Вот и Шебалино. Выходим на въезде в село. Слегка ошалевший от неравномерной езды Антон достаёт рюкзаки. Благодарим, прощаемся. Грузовичок уезжает. - Тебя там не укачало? – интересуюсь между делом. – Просто парнишку обучали езде. - Ах, вот оно что! – понимает Антон. Он рассказывает, что есть такое понятие, как «экстремальный автостоп». Это когда людям приходится ехать в очень стрёмных условиях. Например, один парнишка застопил машину с телятами в кузове, и сам же ехал с ними: всю дорогу ему пришлось держать рюкзак, тесно прижатым к себе, потому что телята на нервной почве не только мотылялись от стенки к стенке, но ещё и дристали жижей дальше, чем видели. Мы заходим в первый из магазинов, чтобы купить по мороженке. Но морозильник, где лежит мороженое, накрыт вчетверо сложенным покрывалом. - Света нет, - сердито говорит продавщица. Как будто это мы его отключили. - И что? – спрашиваю я, не понимая. Неужели нельзя быстренько открыть морозильник, чтобы достать два стаканчика с мороженым? - Пошли, - говорит Антон. Да почему «пошли»-то? Ситуация проясняется во втором магазине. Там такая же картина: морозильник накрыт покрывалом. Продавщица объясняет мне: - Когда света нет, то морозильник открыть невозможно. Электроника. Вот блин. «Чем лучше – тем хуже», называется… Идём по дороге, через село. Каждый встреченный говорит, что «маральник будет на следующем повороте». Так происходит трижды. Я уже не подхожу к людям, чтобы спросить деликатно, а ору издалека, начиная со «Здравствуйте!».

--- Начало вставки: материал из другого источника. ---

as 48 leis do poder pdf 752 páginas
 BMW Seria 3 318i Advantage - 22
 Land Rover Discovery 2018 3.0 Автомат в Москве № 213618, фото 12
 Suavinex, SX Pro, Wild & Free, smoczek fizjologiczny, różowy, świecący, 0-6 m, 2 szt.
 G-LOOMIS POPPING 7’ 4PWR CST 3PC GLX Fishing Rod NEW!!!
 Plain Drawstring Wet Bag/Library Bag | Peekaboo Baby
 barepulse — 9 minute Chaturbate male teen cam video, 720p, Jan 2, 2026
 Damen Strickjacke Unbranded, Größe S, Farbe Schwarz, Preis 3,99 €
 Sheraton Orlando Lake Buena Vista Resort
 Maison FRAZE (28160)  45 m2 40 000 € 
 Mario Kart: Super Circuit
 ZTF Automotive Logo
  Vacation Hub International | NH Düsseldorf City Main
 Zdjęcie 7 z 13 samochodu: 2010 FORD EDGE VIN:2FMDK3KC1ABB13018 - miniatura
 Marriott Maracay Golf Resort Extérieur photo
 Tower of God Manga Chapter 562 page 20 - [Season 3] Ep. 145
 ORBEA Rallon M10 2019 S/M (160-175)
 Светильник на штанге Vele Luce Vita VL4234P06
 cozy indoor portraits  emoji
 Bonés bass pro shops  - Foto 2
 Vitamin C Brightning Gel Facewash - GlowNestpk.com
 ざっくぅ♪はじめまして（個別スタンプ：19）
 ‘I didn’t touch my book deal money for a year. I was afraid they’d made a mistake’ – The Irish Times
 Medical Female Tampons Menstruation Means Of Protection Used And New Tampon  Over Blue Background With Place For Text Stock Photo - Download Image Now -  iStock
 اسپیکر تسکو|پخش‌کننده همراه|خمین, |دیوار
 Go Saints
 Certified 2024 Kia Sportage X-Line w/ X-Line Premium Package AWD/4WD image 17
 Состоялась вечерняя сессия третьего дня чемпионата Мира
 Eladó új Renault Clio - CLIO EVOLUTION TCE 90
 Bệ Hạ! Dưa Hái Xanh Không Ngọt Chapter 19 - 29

Наконец, нужный поворот найден, но дорога идёт в гору. - Анто-о-он, - изнемогаю я в очередной раз. - Что? Опять сушек? - Давай попросим кого-нибудь, чтобы оставить рюкзаки во дворе… - Во дворе? - Ну да, пожалуйста… Я так делала, когда путешествовала с велосипедом и нужно было зайти в магазин. Как советовал Егор Ковальчук, путешественник-велосипедист. Как раз во дворе, который стоит у развилки вижу мужика: какое-то время он смотрит на нас, потом мотает головой, как бы говоря: «Делать людям нечего», махает рукой и поднимается по ступенькам крыльца в дом. Одет он по-простому, в трико и футболку. На голове - панамка. На крыльце я его и ловлю своим горластым «Здравствуйте!».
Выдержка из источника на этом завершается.